> _Aim of the task_
Would you reproduce the whole listing exactly, minus its images?

> _Supplied information_
▬▬▬▬▬▬

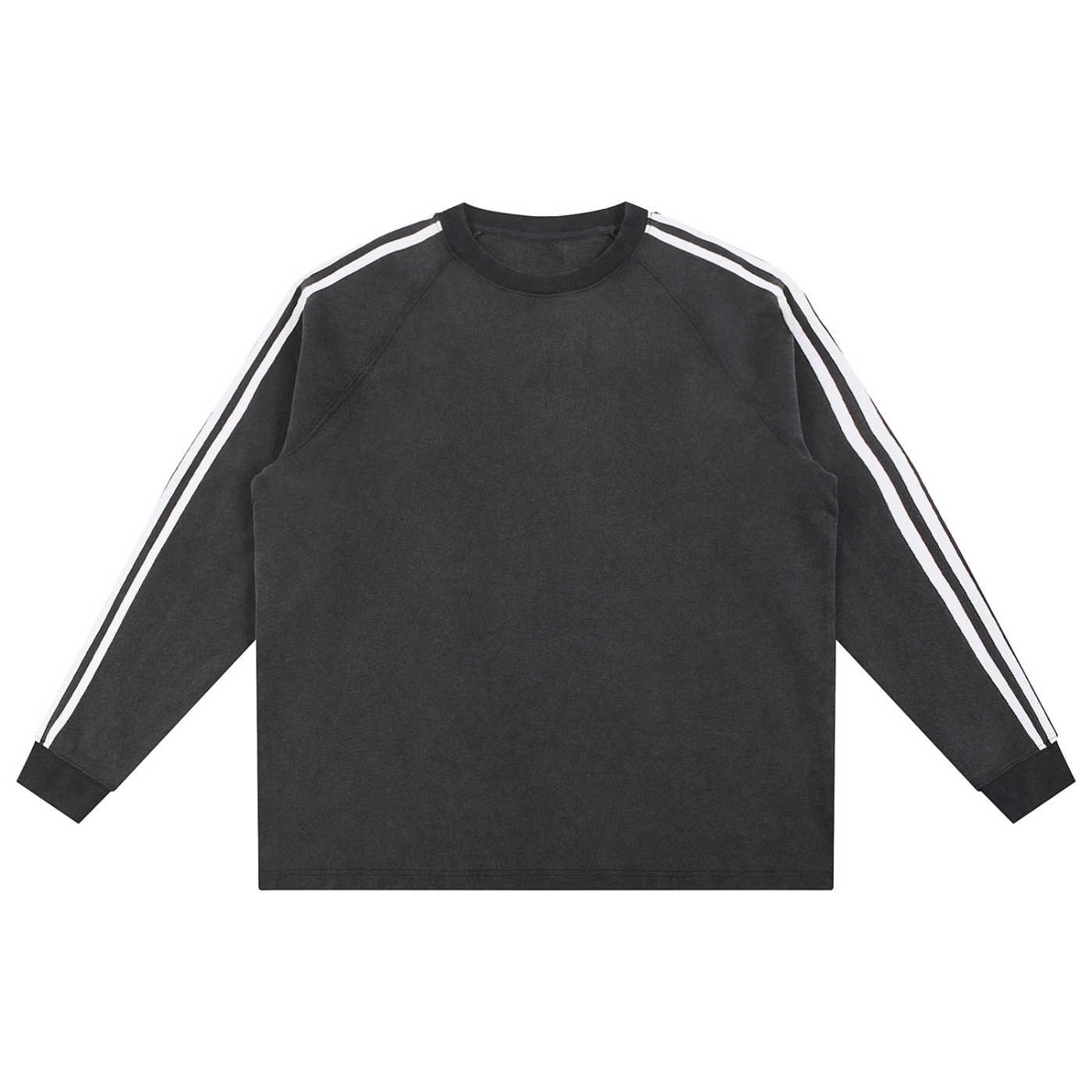 Snow Washed Striped Sweat
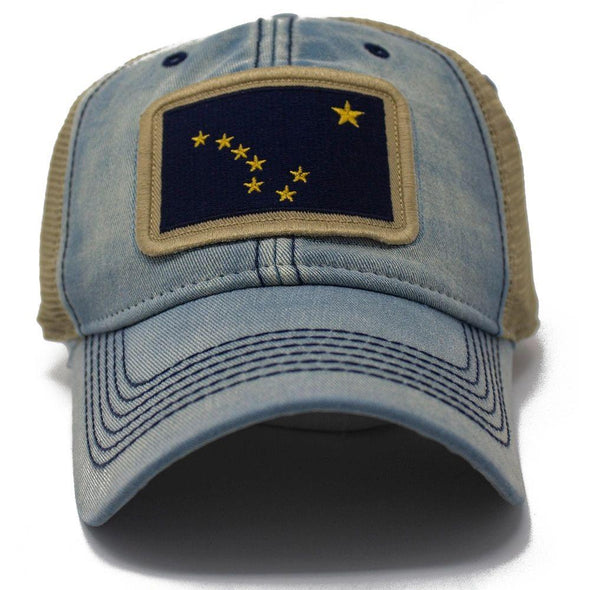 Alaska Flag Patch Trucker Hat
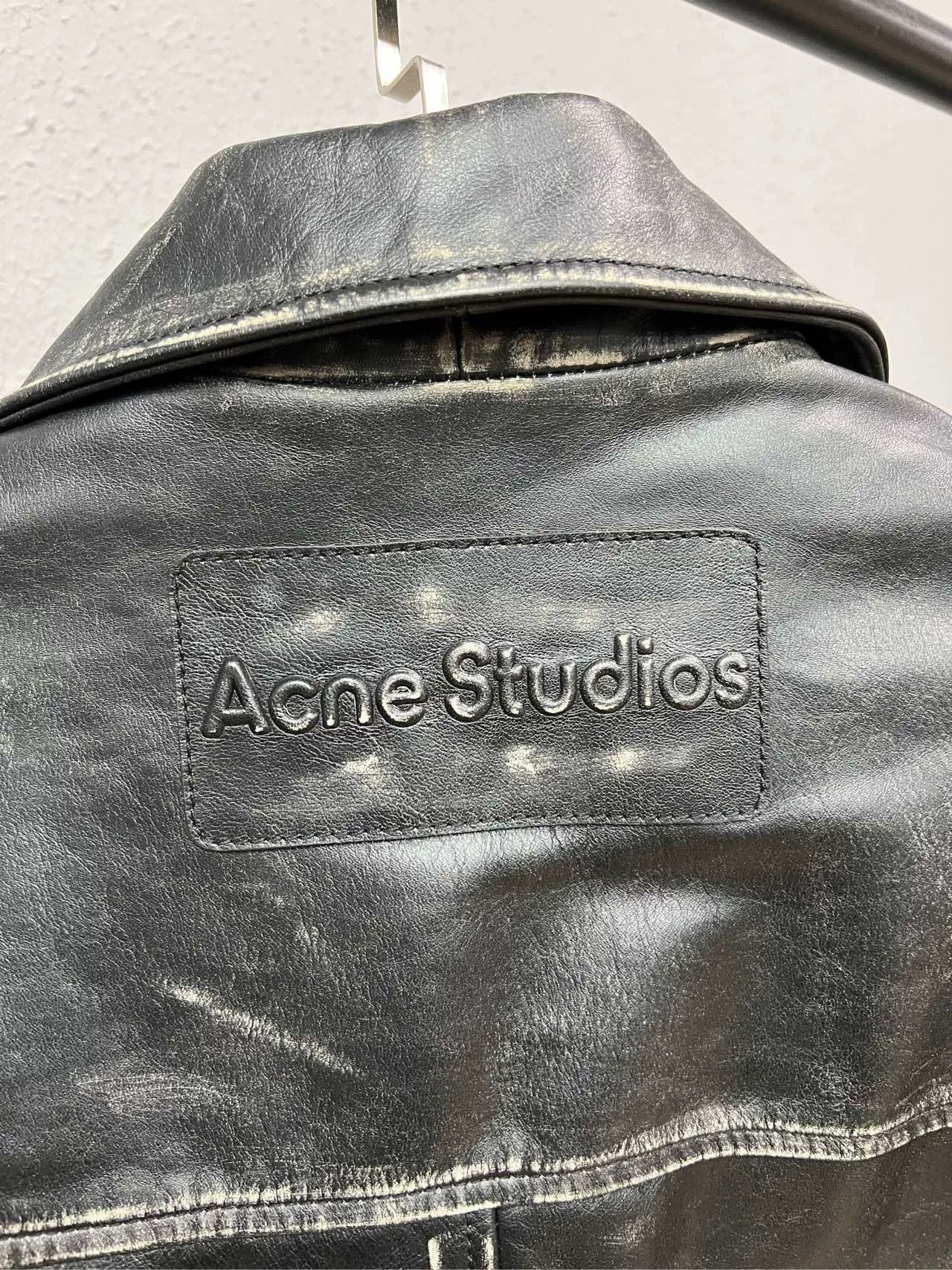 Acne Studios Acne Studios Distressed Leather Jacket hh0847 Size XXS / US 00 / IT 34 - 4 Thumbnail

▬▬▬▬▬▬

> _Exercise output_
 Snow Washed Striped Sweat
 Alaska Flag Patch Trucker Hat
 Acne Studios Acne Studios Distressed Leather Jacket hh0847 Size XXS / US 00 / IT 34 - 4 Thumbnail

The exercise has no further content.